▶ WORK REQUEST
Go to the line below that has "We're going to", print it and each line after it exactly, and stop after the line that has "Hi everyone, this"; leave out pictures.

▶ WORKING DATA
····················

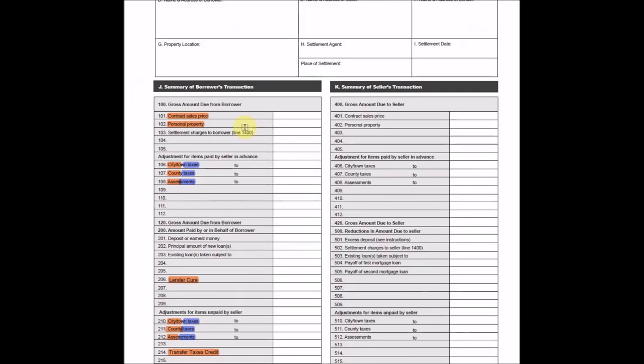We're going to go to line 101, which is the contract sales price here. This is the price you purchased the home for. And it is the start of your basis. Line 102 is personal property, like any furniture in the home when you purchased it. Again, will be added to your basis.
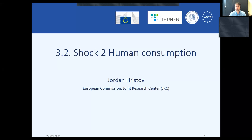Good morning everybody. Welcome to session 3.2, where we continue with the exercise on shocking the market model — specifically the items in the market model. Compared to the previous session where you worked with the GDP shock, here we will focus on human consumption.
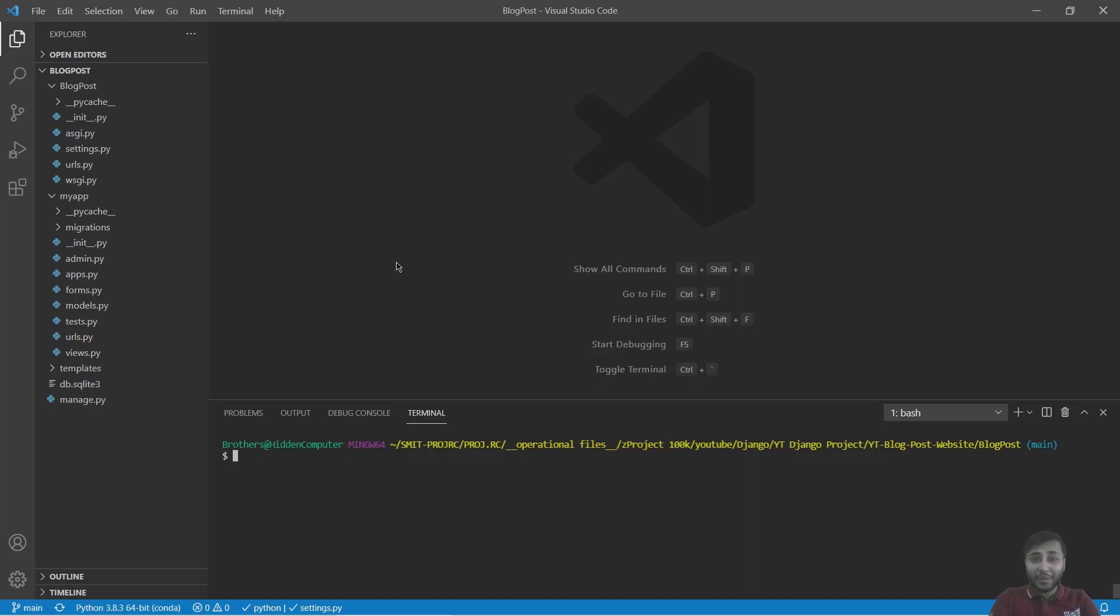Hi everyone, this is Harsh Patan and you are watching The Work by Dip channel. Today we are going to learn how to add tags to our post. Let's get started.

····················

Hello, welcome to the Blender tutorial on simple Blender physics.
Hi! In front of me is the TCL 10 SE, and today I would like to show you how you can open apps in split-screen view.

····················

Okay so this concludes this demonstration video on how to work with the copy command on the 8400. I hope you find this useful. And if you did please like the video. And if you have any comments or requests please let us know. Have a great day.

····················

▶ RESPONSE TO THIS EXERCISE
We're going to go to line 101, which is the contract sales price here. This is the price you purchased the home for. And it is the start of your basis. Line 102 is personal property, like any furniture in the home when you purchased it. Again, will be added to your basis.
Good morning everybody. Welcome to session 3.2, where we continue with the exercise on shocking the market model — specifically the items in the market model. Compared to the previous session where you worked with the GDP shock, here we will focus on human consumption.
Hi everyone, this is Harsh Patan and you are watching The Work by Dip channel. Today we are going to learn how to add tags to our post. Let's get started.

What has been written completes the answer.